The task
Where the line containing "REEBOK Court Clean Women's Casual Shoes" appears in the entries below, start there and print only that line and every line after it, exactly, through the end, excluding pictures.

━━ Input data

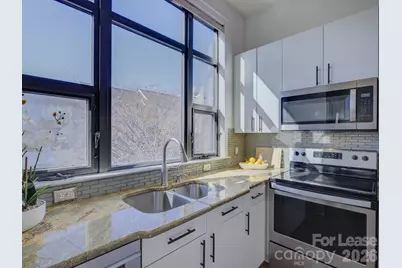 636 Garden District Drive, Charlotte, NC 28202 - Photo 11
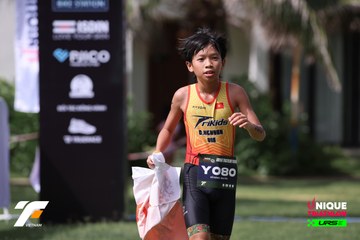 Ảnh sự kiện VIETNAM TRIFACTOR 2026 - 4c53122f15daede839c5cf7b1c2ea0e7.jpg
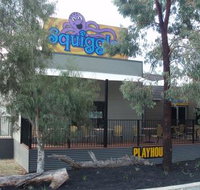 Moama On Murray Resort - Accommodation Burleigh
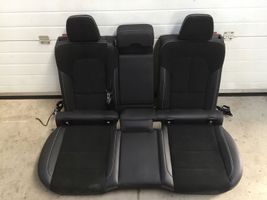 Volvo XC40 Seat set 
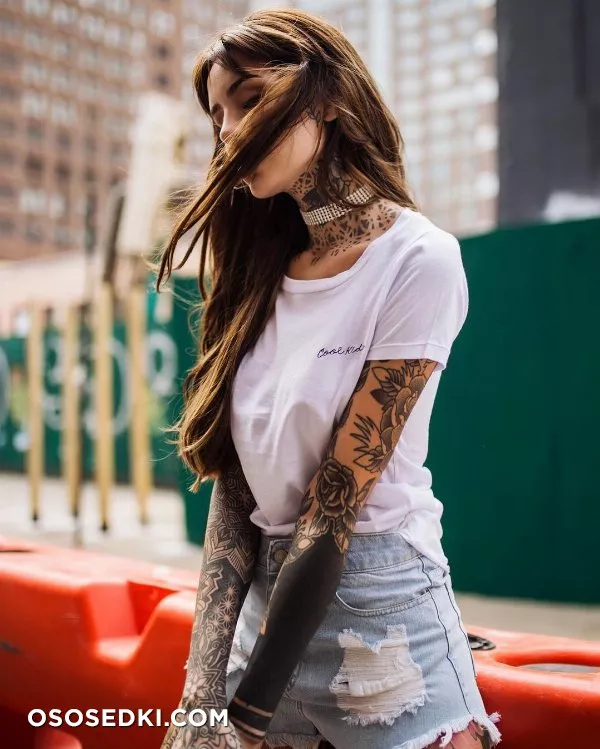 Candelaria Tinelli - 3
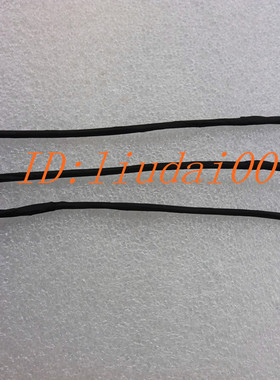 惠普 戴尔 笔记本电源接接口  HP DELL DC POWER JACK  7450 7p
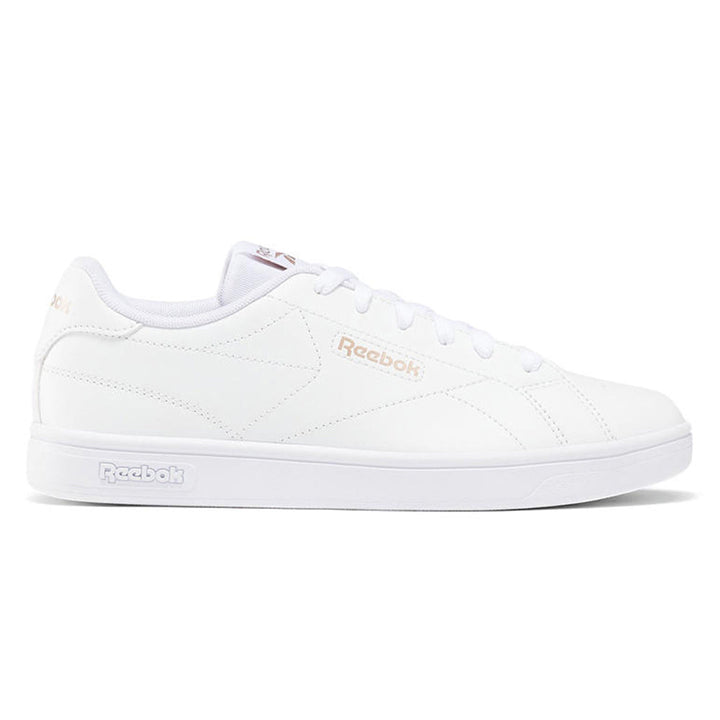 REEBOK Court Clean Women's Casual Shoes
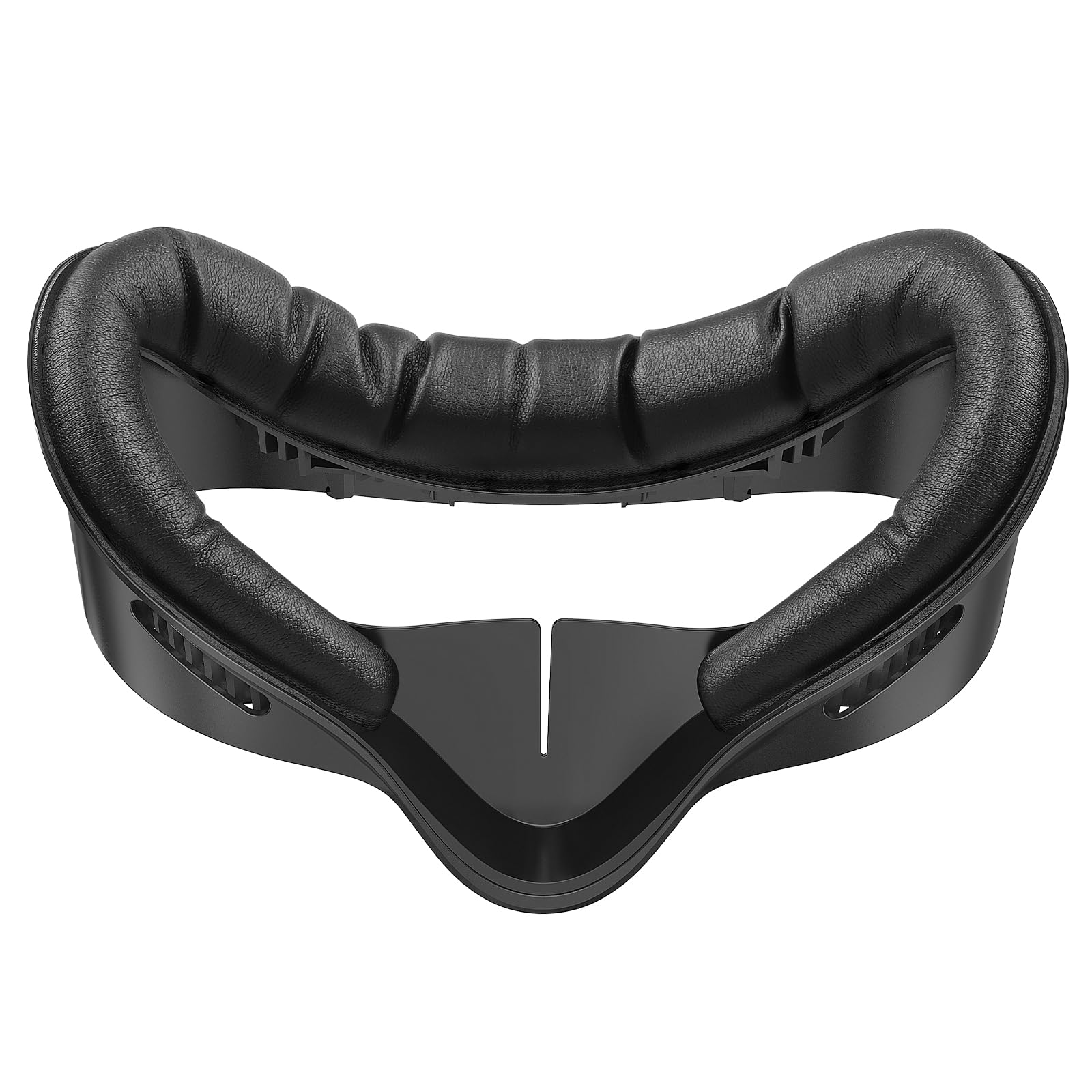 Face Pad for Meta Quest 3S Facial Interface for Oculus Quest 3S Accessories Vr Face Cover…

━━━━

Exercise solution
 REEBOK Court Clean Women's Casual Shoes
 Face Pad for Meta Quest 3S Facial Interface for Oculus Quest 3S Accessories Vr Face Cover…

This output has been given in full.